Source information
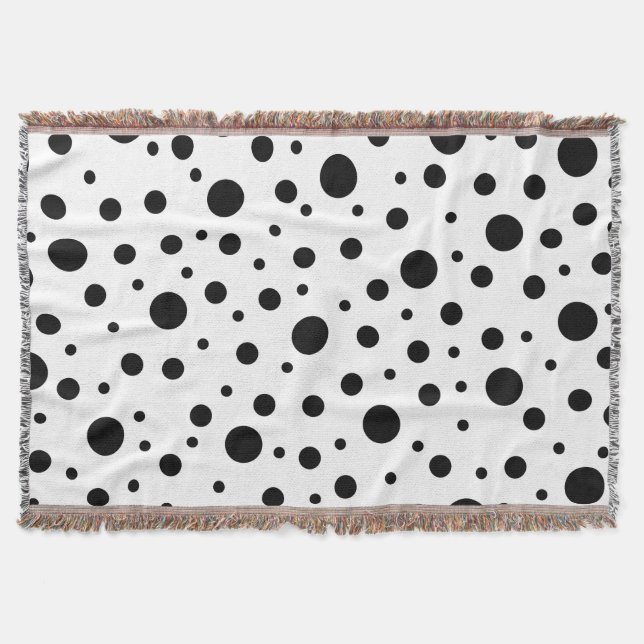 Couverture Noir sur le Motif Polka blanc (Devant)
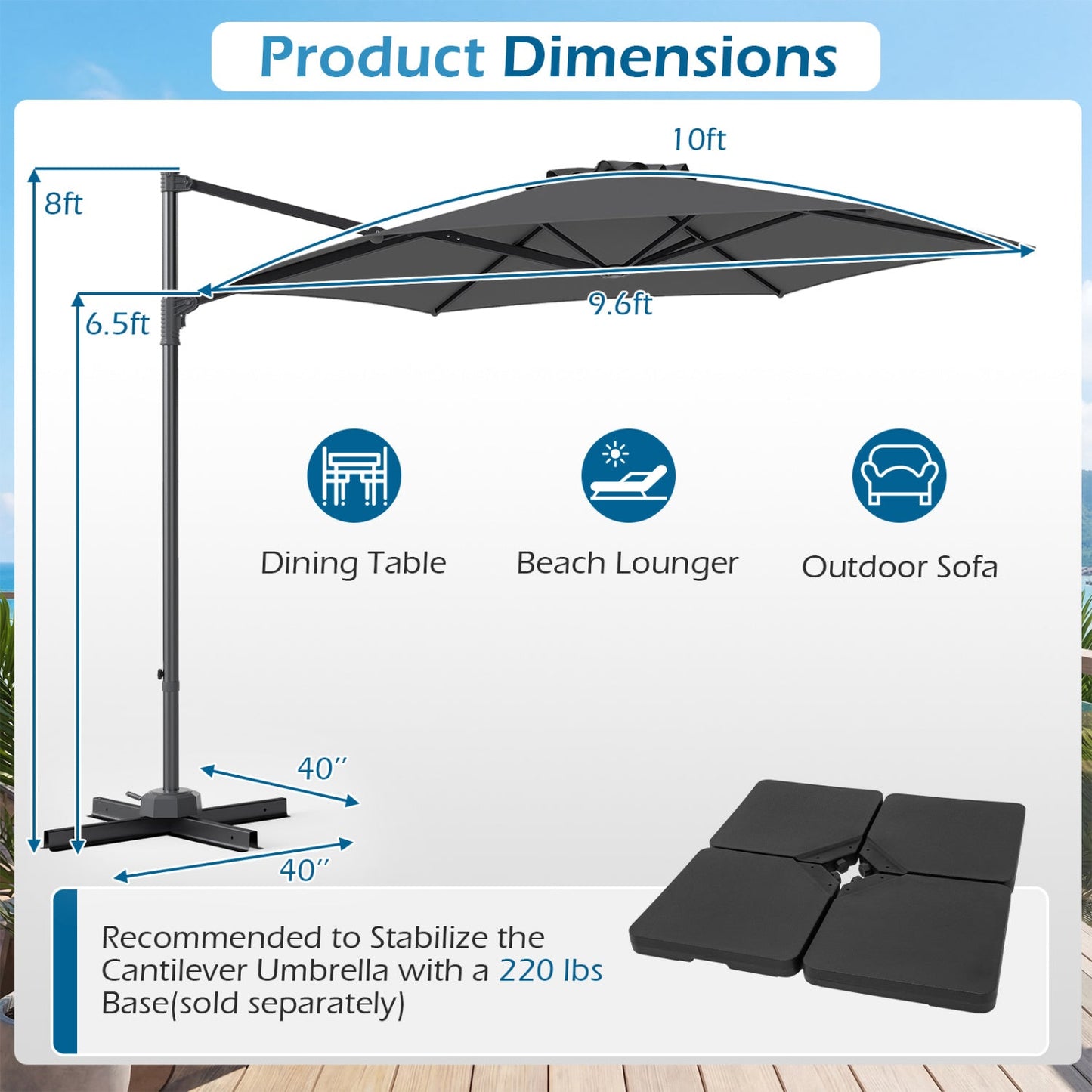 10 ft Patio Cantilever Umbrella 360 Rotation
* * *
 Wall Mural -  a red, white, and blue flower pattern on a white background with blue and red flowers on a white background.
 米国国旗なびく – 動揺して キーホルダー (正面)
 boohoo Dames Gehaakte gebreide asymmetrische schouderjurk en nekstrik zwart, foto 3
---
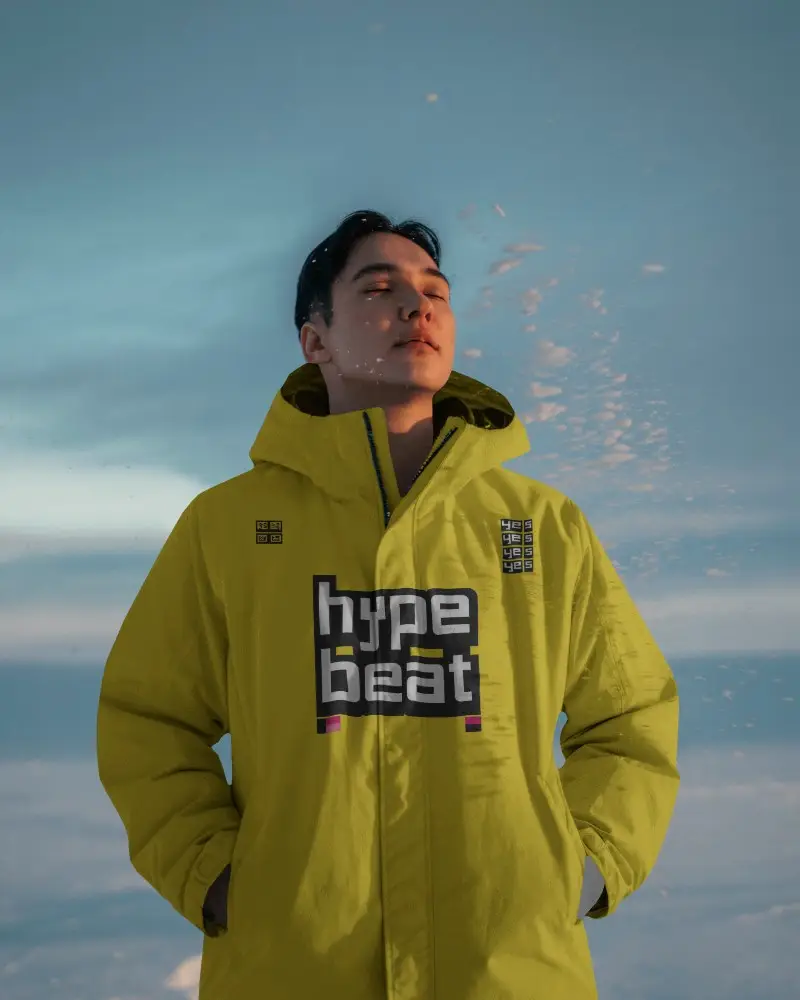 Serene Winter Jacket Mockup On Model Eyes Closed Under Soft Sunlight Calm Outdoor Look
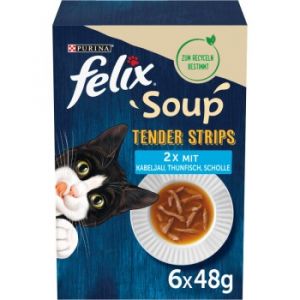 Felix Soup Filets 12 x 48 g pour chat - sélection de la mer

Goal of the exercise
Look above for the line with "Serene Winter Jacket" and the line with "Felix Soup Filets"; set down those two lines and all lines between them exactly, without pictures and without anything else.

Written response
 Serene Winter Jacket Mockup On Model Eyes Closed Under Soft Sunlight Calm Outdoor Look
 Felix Soup Filets 12 x 48 g pour chat - sélection de la mer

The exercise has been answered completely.